> [SUPPLIED ENTRIES]
--- --- ---

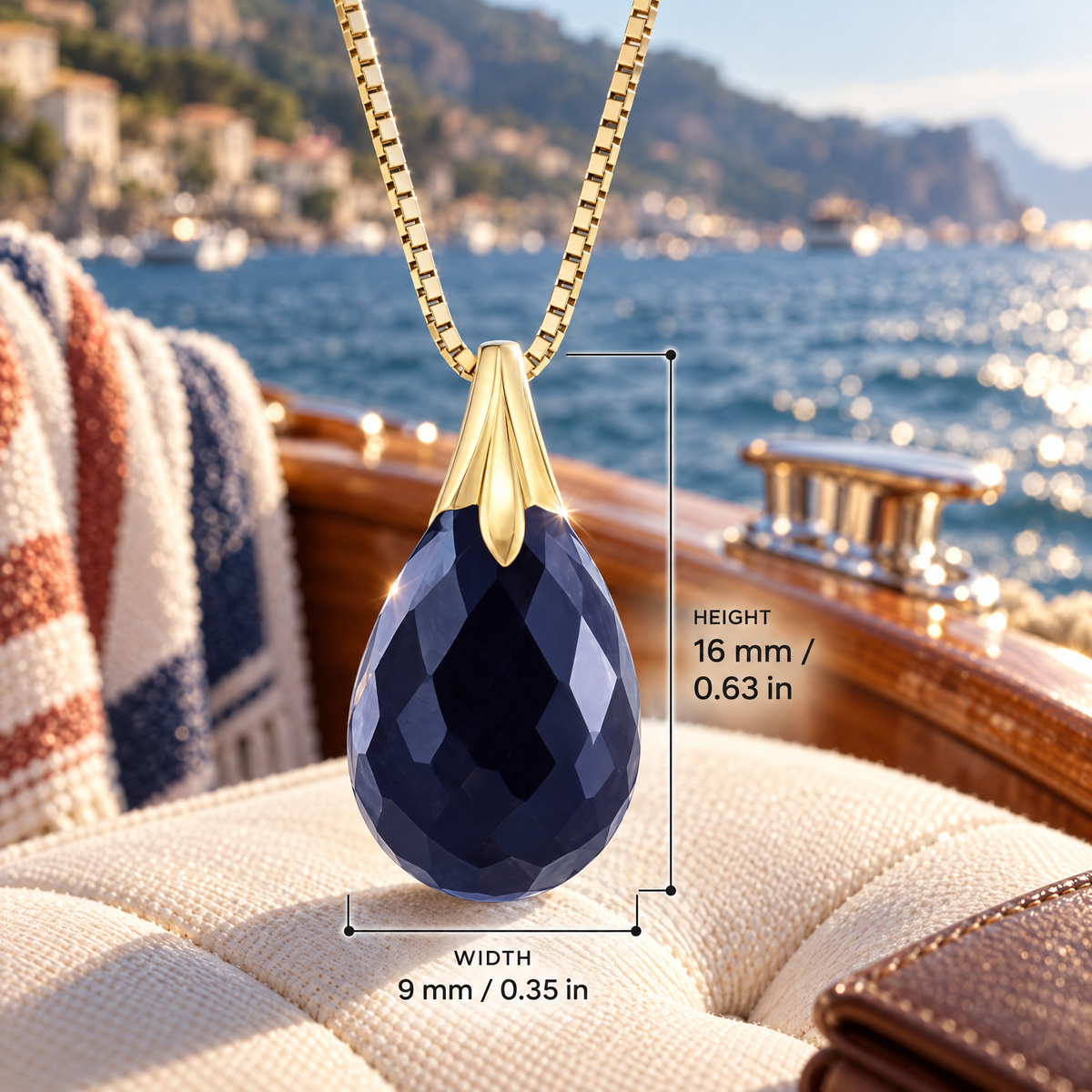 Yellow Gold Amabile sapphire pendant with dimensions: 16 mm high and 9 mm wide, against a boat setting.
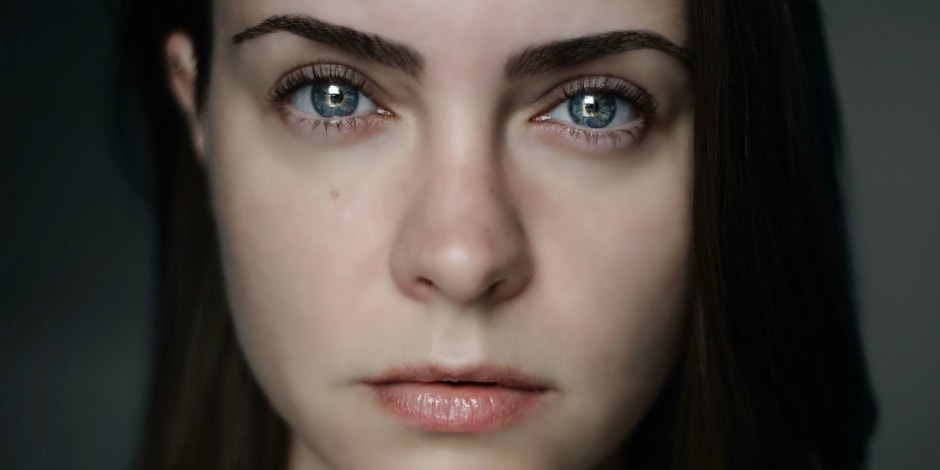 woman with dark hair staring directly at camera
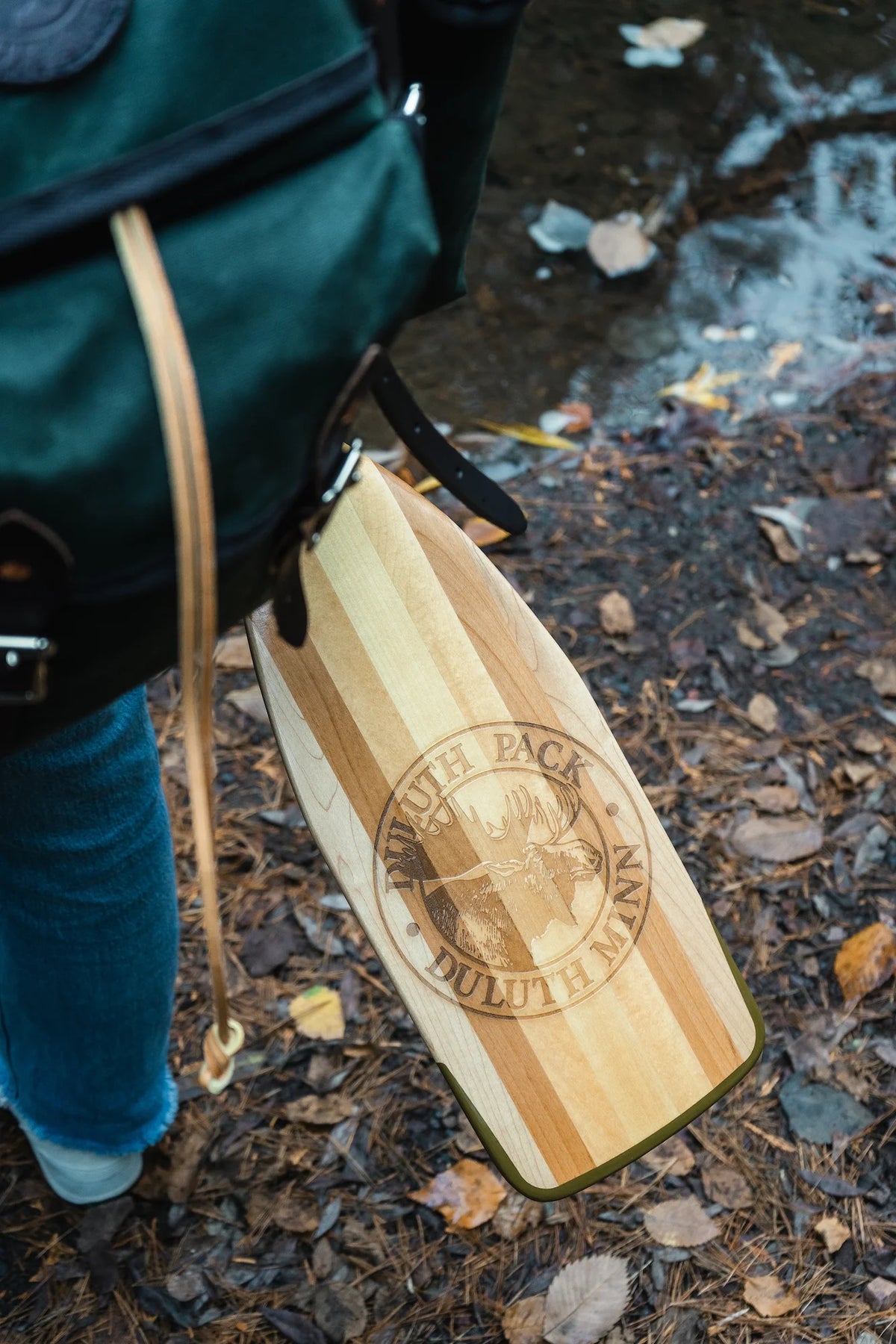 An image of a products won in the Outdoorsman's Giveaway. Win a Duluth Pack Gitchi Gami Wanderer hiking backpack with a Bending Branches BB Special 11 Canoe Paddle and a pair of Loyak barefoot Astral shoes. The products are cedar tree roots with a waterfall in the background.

--- --- ---

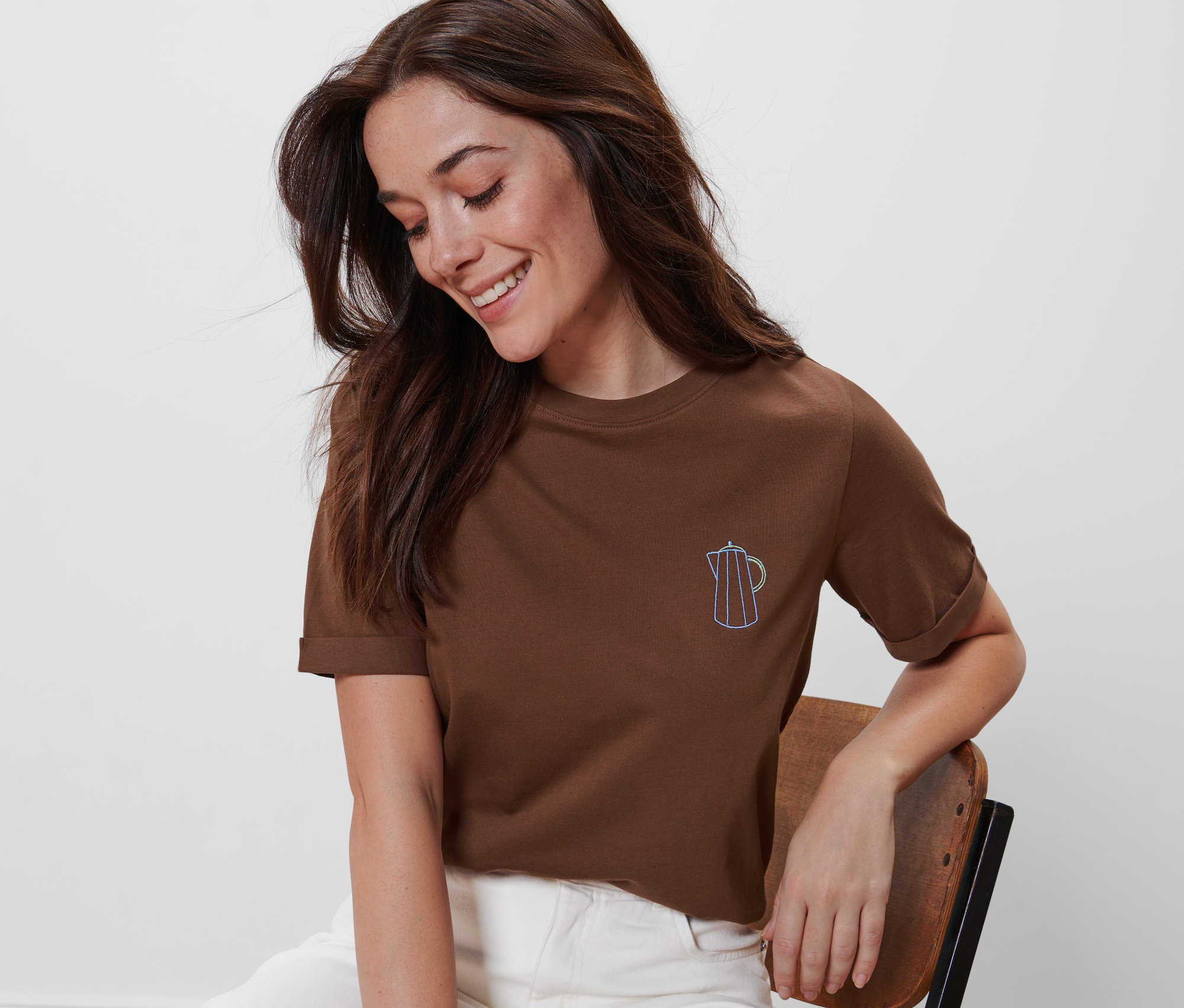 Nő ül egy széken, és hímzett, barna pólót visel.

--- --- ---

> [EXERCISE AIM] Only the lines of the listing above from the one with "woman with dark" through the one with "An image of" should be output, exactly, with both ends kept and pictures left out.

> [RESULT OF THE TASK]
 woman with dark hair staring directly at camera
 An image of a products won in the Outdoorsman's Giveaway. Win a Duluth Pack Gitchi Gami Wanderer hiking backpack with a Bending Branches BB Special 11 Canoe Paddle and a pair of Loyak barefoot Astral shoes. The products are cedar tree roots with a waterfall in the background.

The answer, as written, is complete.